As well as helping to attract new participants our meetings are already proving highly valuable as a means through which we can evolve and stress-test our thinking. At each meeting we articulate the latest iteration of our plan but far more importantly we attentively, actively and authentically listen to the open discussion and debate that we facilitate; encouraging consensus-building as we go. We are in effect helping to “crowd-source” the thought leadership that is needed.

We are truly delighted by the quality of the input already provided and how our solution-orientated collective consciousness is taking shape; our meetings are working very well.

3. Defining and reaching out to the 1,000 most influential people around the world that in effect govern the way the financial system works;

These individuals are the “power and position” group for whom the book has been especially written; they will be individually told that as the initiative advances. They are key actors in the change management process that we are driving; they hold the keys to the door through which the financial services industry needs to pass. Without their active engagement and support the change we want to see cannot happen.

The 1,000 will include politicians, policymakers, regulators, the leaders of the major trade bodies, the leaders of the professional associations and the leaders of the major commercial organisations be they banks, asset managers, insurers and so on.

The book is a clarion call for engagement to that group. We will be personally reaching out to each and every one of them to invite them into dialogue – this is happening already, and it is working.

The more of the 1,000 we succesfully engage with, the easier it will be to get engagement from others because there will be a “tipping point dynamic” whereby the more influential people that get involved the more compelling it will be for others to follow.


We do not need all 1,000 to get involved; we deem that if we get supportive engagement from 15% of the 1,000 we will be able to drive transformational change because we will be able to aggregate and multiply their individual and collective influence.

We believe that if we are able to mobilise just 15% of “those with the power and position” we can make a real and lasting difference. Note that our thinking around the “15%” has been inspired by the work of Gary Haugen of the International Justice Mission who observes informally that most public justice systems around the world follow a 15-70-15 principle. 

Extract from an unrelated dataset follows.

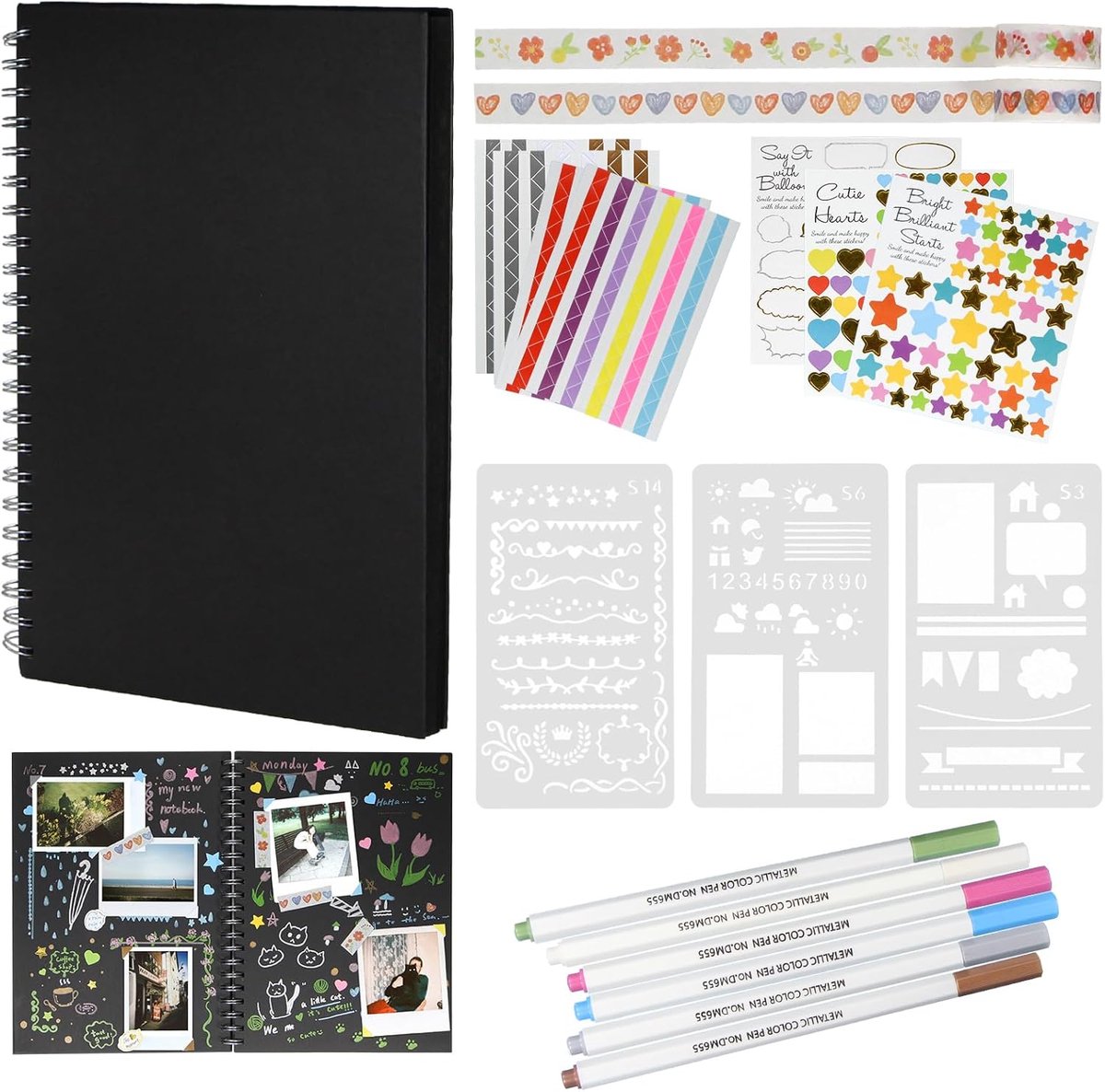 Fotoalbum 29x21cm - 100 Zwarte Pagina's - DIY Scrapbook met Stencils en Stickers - Persoonlijk Herinneringen Vastleggen - ShopVlot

We are applying that principle in the belief that:

  • 15% of the 1,000 will be inherently apathetic towards the idea of system change, so they will not engage regardless of what we do
  • 15% of the 1,000 will be highly predisposed to engage; they are individuals that will help lead the charge. We will be seeking to engage with the 15% of the 1,000 that have latent potential to want to be part of the solution but may currently be passive in the context of driving finance reform (despite their power and position to do so). We do not believe they will need to be persuaded i.e. they will already have a predisposition to want to help; they just need to be shown how they can.
  • 70% are influenceable and will be responsive over time to what we and the “early adopter” 15% think and do. 

Over time therefore, we have the potential to mobilise 15% + 70% = 85%

If we manage to do that it will mean we have 150 powerful and well-positioned people around the world that can act as catalytic agents for change; thereby unlocking a treasure-chest of powerful potential goodwill through the 70%

As explained later, the individuals within the 1,000 will be updated year by year as part of a systematic approach to ensure we harness the full potential power of “those who have the power and position.” 

The 1,000 will include leaders of organisations such as these in the UK:


  • The Financial Conduct Authority
  • The Pensions Regulator
  • The Department for Work and Pensions
  • The Competition & Markets Authority
  • The Bank of England
  • The Financial Reporting Council;

Professional Associations such as

  • The Institute of Actuaries
  • The Pensions Management Institute
  • The Institute of Chartered Accountants in England and Wales
  • The Chartered Financial Analysts Institute
  • The Personal Finance Society

…and many more;

  • The Pensions and Lifetime Savings Association
  • The Investment Association
  • The Tax Incentivised Savings Association
  • UK Finance

…and many more;

Civil Society Groups such as –

  • The Royal Society of Arts
  • The Friends Provident Foundation

…and many more;

The 1,000 will also include UK Parliamentarians with a known interest in the financial services sector such as:

  • Baroness Ros Altmann
  • Tom Tugendhat MBE MP
  • Frank Field MP
  • Lord Cromwell
  • Lord Lindsay
  • Lord Turner
  • Lord Lamont
  • Lord Lawson
  • Alistair Darling
  • Gordon Brown MP

…and many more;

The corresponding individuals/organisations in other countries around the world will be included; Getting to 1,000 is therefore not an unachievable figure because of the truly international nature of our project.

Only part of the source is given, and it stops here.